The contiguous trans-border protected area that has become appended to the QNNP links with five protected areas in Nepal. These are Makalu-Barun National Park, Sagarmatha National Park, Langtang National Park, Manaslu Conservation Area, and Annapurna Conservation Area encompassing a total area of protected ecology greater than the land area of Switzerland—conserving multiple Himalayan ecosystems from the very wet to the very dry and from 1,000 feet of vertical elevation to 29,000 feet. Not adjacent by easy migratory distance away from the QNNP are significant protected areas in Sikkim, India, as well as the country of Bhutan which has over 40% of its land area protected.

==Management==

QNNP is distinctive because no warden force protects its natural and cultural treasures. Management is by local communities, especially the governments of the four counties that comprise the preserve (Tingri, Dinjie, Nyalam, Kyirong) with a Management Bureau in Shigatse, the prefecture headquarters. The four counties have a population estimated at over 90,000 people. The official data sheet provided by the QNNP administration reports over 2,000 species of plants, 53 species of mammals, 206 species of birds, eight species of amphibians, 10 species of fish. Forty-seven species of rare and endangered plants and animals.

While the norm in community-based conservation has been co-management by science and traditional peoples under a separate management structure for conservation, the QNNP represents another model where science and traditional join in political administration and there is no separate conservation administration.

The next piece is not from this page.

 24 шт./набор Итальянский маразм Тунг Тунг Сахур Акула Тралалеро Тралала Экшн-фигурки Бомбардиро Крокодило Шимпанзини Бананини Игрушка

Village volunteers known as Pendebas (Tibetan for "workers who benefit the village") are trained in primary health, nutrition, and kitchen gardens, conservation concepts and management. Most of the 230 villages in the QNNP have sent at least one village member to be trained as a Pendeba. Continuing development of the Pendebas is being led by Tsering Norbu and the QNNP-based Pendeba Society, one of the few nonprofit organizations in rural Tibet Autonomous Region.

==Formation==
The Qomolangma National Nature Preserve was proposed in 1985 by Daniel C. Taylor to the Tibetan regional and Chinese national governments when essentially no protected land was designated in the Tibet Autonomous Region. As the primary external advisers for two decades, Daniel C. Taylor and Chun-Wuei Su Chien worked first through The Mountain Institute and then through Future Generations to provide management assistance in scientific, social development, historical renovation, ecotourism planning, and initiation of the Pendeba Program.

Subsequent to formation of the QNNP, with the new land management model, land area of the Tibet Autonomous Region under national and regional protected status expanded steadily, utilizing the QNNP management model where local county administrations enforce the conservation policies and where people engage in conservation management as part of their livelihood activities. Presently, there are 23 national-level and regional-level designated nature reserves that collectively protect 42% of the region's land area.

It is included in the Sacred Himalayan Landscape.

== In popular culture ==

- "Quomolangma" is a song on the 2013 Inform - Educate - Entertain album by Public Service Broadcasting, a British art rock band.